Florida is consistently ranked by Kiplinger.com as one of the Top Ten most tax-friendly states for retirees.
Lets take a closer look at the reasons why.
Florida State Sales Tax
Florida has a reasonable state sales tax of 6%. It’s also important to note that food (with the exception of food to be eaten immediately like in a restaurant), prescription drugs, and non-prescription drugs are exempt from sales tax.
However, some county taxes can drive the total sales tax rate up to 7.5%.
Florida State Income Tax
There is no state income tax. This is one of the main reasons Florida is considered so tax-friendly, not just for retirees, but for all residents.
The fact that there’s no state income tax is one of the main reasons why Tony Robbins moved to Florida from California, and so many other high income earners are following suit.
Florida Property Taxes
According to the Tax Foundation, the median property tax on Florida’s median home value of $153,300 is $1,623.

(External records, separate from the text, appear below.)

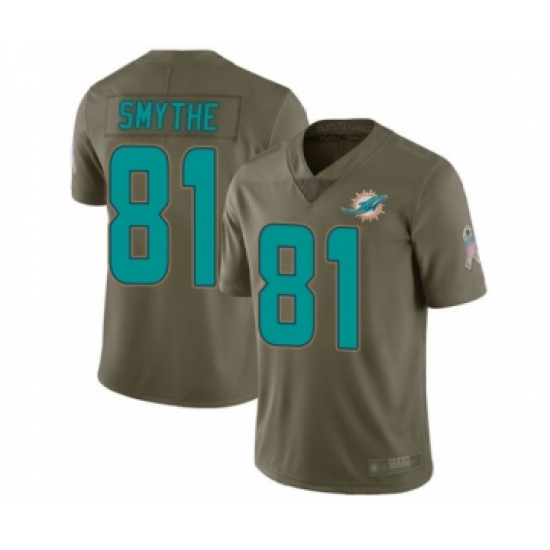 Youth Miami Dolphins 81 Durham Smythe Limited Olive 2017 Salute to Service Football Jersey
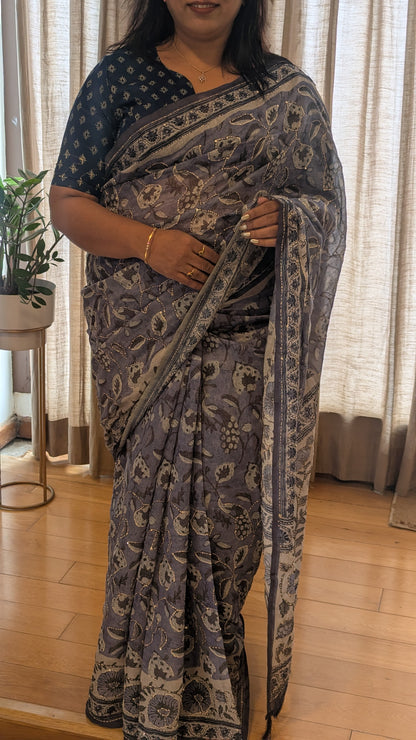 Soft Cotton Handmade Kantha Work Saree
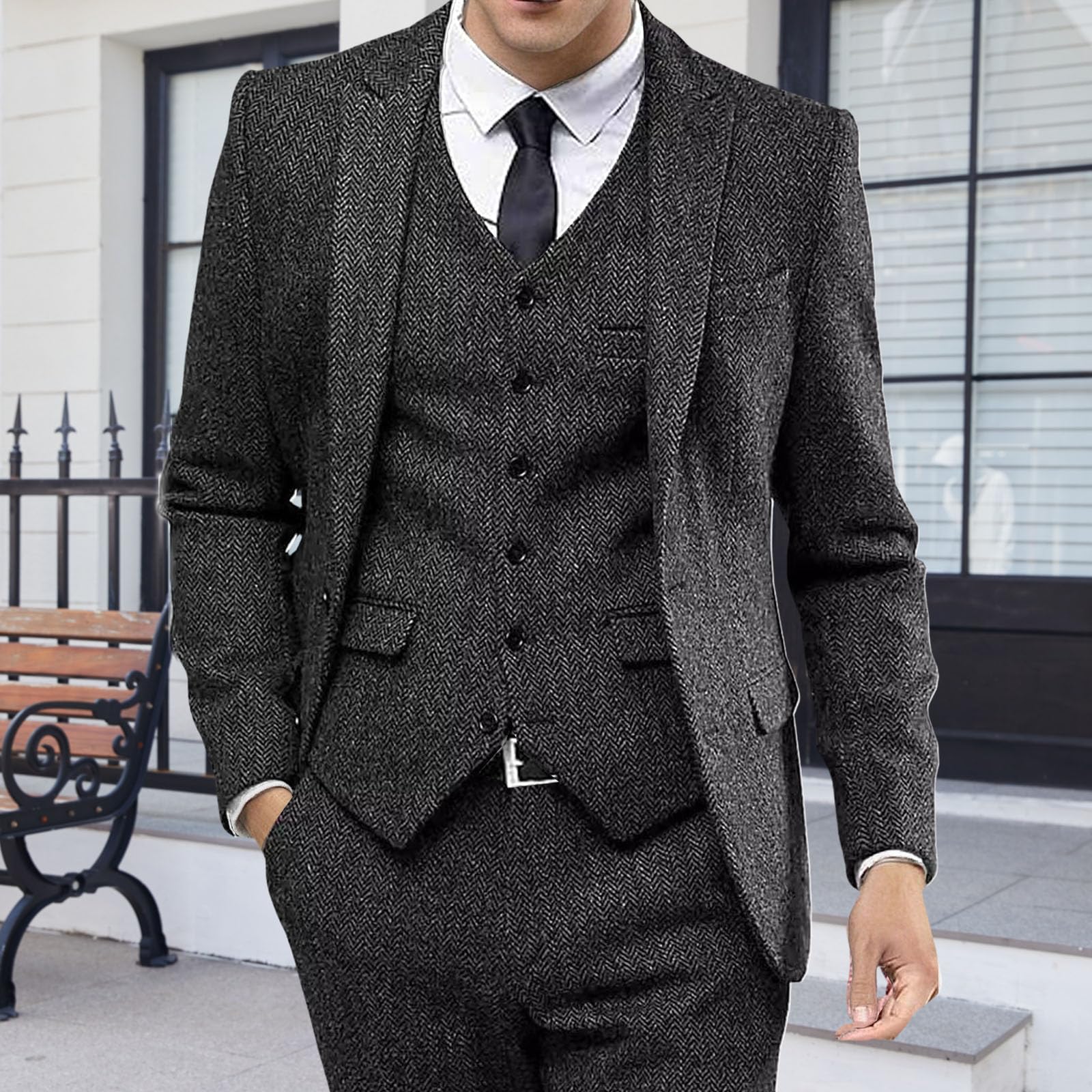Traje de 3 piezas de tweed para hombre, traje de esmoquin formal y ajustado, traje de esmoquin formal, blazer, pantalones, chaleco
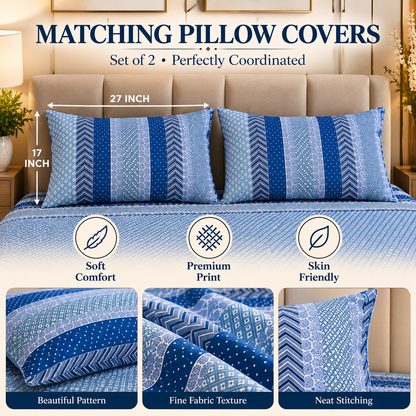 Heavenbirds 300 TC Premium Cotton Bedsheet with 2 Pillow Covers | Ultra Soft & Color Fade Resistant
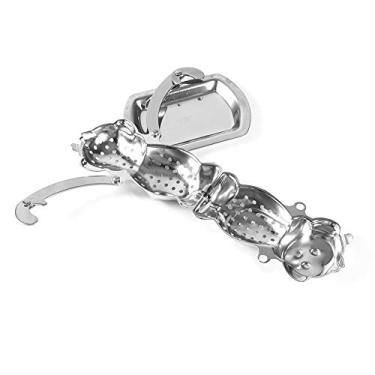 Imagem de HEEPDD Coador de Macaco de Bola de Infusor de chá Solto de Aço Inoxidável Bonito Com Bandeja Coletora para Cozinha, Filtro de Macaco Com Bandeja Coletora para Cozinha, Escritório, Casa de chá e Casa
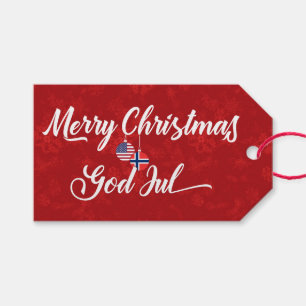 Amerikanischer Weihnachtsgeschenk-Tags in zweispra Geschenkanhänger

Florida achieves this low property tax rate primarily through the use of homestead exemptions.
As Kiplinger explains:
“Every person who owns and resides on property in Florida on January 1 and makes the property his or her permanent residence is eligible to receive a homestead exemption up to $50,000. The first $25,000 applies to all property taxes, including school district taxes. The rest of the exemption, up to $25,000, applies to the assessed value between $50,000 and $75,000, and only to non-school taxes.”
There are also other possible exemptions for the legally blind, widows and widowers, and more.